HS: I feel a great inner sense of joy when singing his music. I am not thinking of the composers fate when I hear the music. I enjoy the lines that I sing. You see, as a singer it might be my job to move the audience to tears but personally, I have to distance myself a little. I mean, it would show in the voice, wouldnt it, if you allow yourself to become overly emotional. I am probably among German bass singers the one who most identifies himself with Bel Canto and I find many Bel Canto elements in Dvorak. Dvorak cannot be sung like Mozart or Bach, he must be tackled head-on with an awful lot of power but this power must be mixed with the right kind of emotion also. You have to put a lot of soul into singing Dvorak or it does not work. This is something you cannot learn by perfecting your technical skills. It is God-given, you either have it or you dont. Singing Dvorak is not merely about producing sound and I think he is a very operatic composer, especially in this Stabat Mater and that is why it is best to fill the solo parts in this piece with opera singers. In Mozart you rarely have portamenti, in Bach you can sing in a more academic manner, but Dvorak challenges you to the core. There are so many Italian elements in Dvorak, these long phrasings in my own solo parts are something I bathe in. You have to release all your power but you also have to become active, you have to storm ahead then you have to hold yourself back again. What you cannot do is to line one tone to the other. You have to watch out for the small accelerandi.
LSM: You have been enormously successful with your performances of Dvoraks Stabat Mater. What are your fondest memories?
HS: I enjoyed all of them, every individual performance. You have to keep in mind that there are 20 years between my first and my most recent performance.
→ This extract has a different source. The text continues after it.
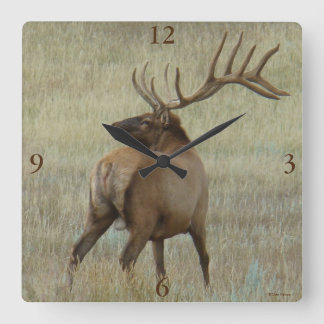 E6 Bull Elk in Velvet Square Wall Clock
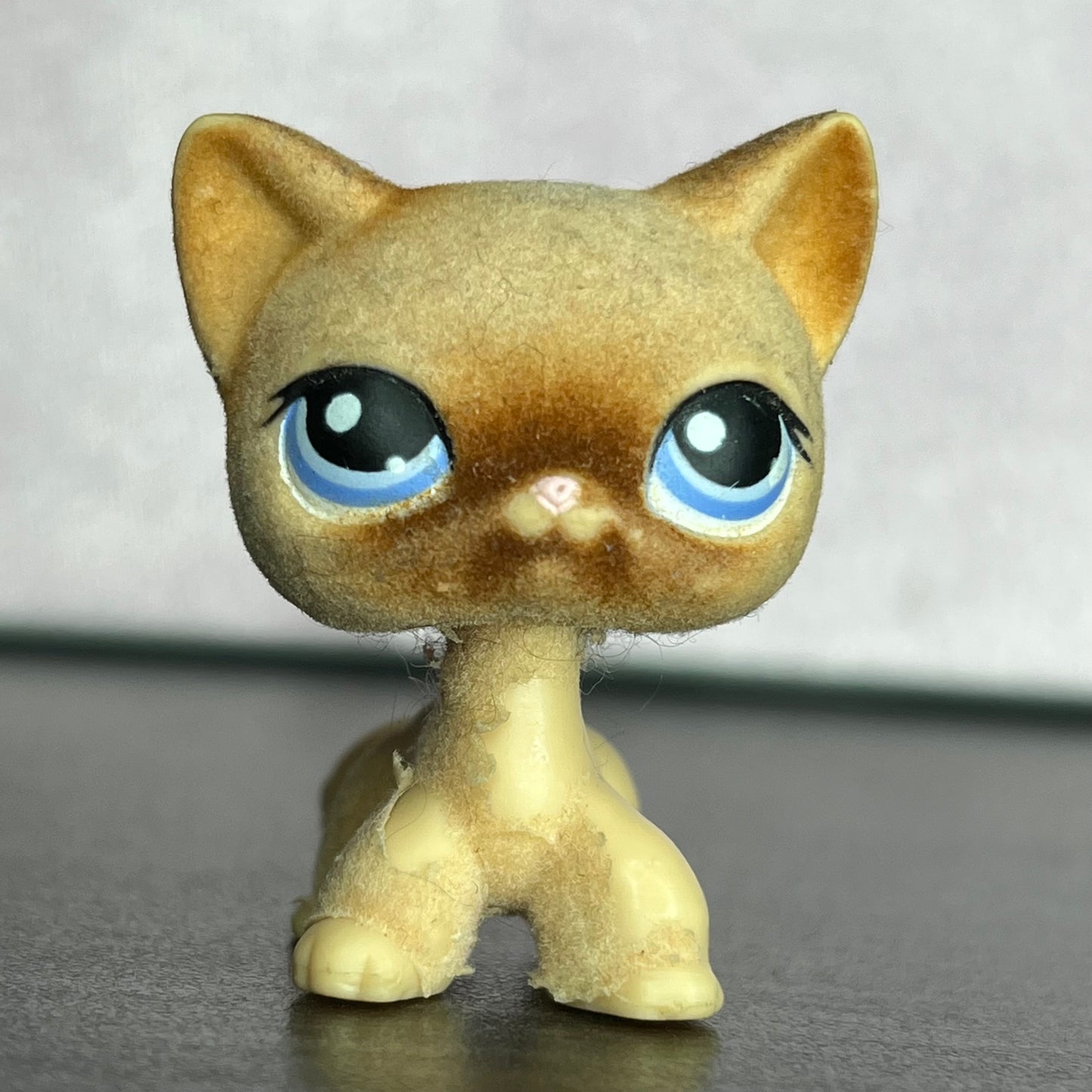 LPS Flocked Shorthair #338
One performance that comes to mind is Madrid in 1991. The people there really liked the piece, so much that I have performed it in Madrid alone some 9 times!
LSM: Would you say that there is a specific Dvorak-style in the Stabat Mater?
HS: As far as singing it, I would say no. Not in respect to the soloists. Chorus and orchestra are more specific. There are some very unique parts with its prominent sforzati and plenty of agogism. This also affects the soli which all require an absolutely clean portamento and a beautifully crafted rubato. I always try to musically express the emotions that arise in me when I sing this piece, meaning that you have to be technically absolutely correct when singing the Stabat Mater. You have to bring a high level of physical fitness also, but you cannot distance yourself from the piece. You have to give it your all and everything on every level: everything you have, everything you are, needs to go into singing it.
LSM: Where, in your opinion, lies the special significance of Antonin Dvorak?
HS: Dvorak is one of the very few of among the great composers who has such an enormous range in their oeuvre and such an emotional depth that it is impossible to ignore his music. The music tells me about what is going on with the composer. I feel what he wants to express. If I sing Verdi Requiem, I find parallels to Dvoraks Stabat Mater. He also wrote as a reaction to grief. His children also died.
LSM: What is the most difficult part in the Dvorak Stabat Mater for you?
HS: Frankly, if you treat the instrument in your throat with care, as I do, and if you are singing technically correctly, you should not have problems with any parts. But, yes, some pieces can be more challenging than others. I have no problems with the Stabat Mater, but in my beautiful bass solo there is F sharp, which is the highest note a bass can sing, so that is quite challenging. But it is such a beautiful piece that I look forward to singing it each time, I do not think of the difficulties. In terms of orchestration, there are other pieces that are a lot harder on the soloists in my opinion.